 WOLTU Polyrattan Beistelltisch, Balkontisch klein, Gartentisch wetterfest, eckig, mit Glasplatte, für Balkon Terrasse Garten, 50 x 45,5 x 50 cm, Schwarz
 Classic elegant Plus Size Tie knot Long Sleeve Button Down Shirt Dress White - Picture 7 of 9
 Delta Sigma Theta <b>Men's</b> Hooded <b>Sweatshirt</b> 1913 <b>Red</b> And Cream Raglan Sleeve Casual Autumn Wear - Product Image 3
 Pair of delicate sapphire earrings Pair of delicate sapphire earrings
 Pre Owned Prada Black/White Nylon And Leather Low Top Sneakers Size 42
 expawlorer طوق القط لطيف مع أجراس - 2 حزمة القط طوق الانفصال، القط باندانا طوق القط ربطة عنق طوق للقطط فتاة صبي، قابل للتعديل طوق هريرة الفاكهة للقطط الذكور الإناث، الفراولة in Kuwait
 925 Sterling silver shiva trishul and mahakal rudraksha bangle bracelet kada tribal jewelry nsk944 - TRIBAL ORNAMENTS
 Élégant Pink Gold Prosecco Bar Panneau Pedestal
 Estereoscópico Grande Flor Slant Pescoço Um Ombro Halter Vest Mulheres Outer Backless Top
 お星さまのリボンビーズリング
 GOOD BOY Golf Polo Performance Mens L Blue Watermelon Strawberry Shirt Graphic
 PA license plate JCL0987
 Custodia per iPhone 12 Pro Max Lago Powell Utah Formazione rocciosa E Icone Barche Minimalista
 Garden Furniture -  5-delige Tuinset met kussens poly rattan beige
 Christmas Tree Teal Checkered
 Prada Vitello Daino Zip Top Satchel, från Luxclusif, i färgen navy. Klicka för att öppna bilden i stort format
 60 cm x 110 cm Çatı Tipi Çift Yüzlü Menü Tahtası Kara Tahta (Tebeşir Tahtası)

-------

** What the exercise asks **
Return only the number of lines in the listing that contain the word "White".

** Solution to the exercise **
2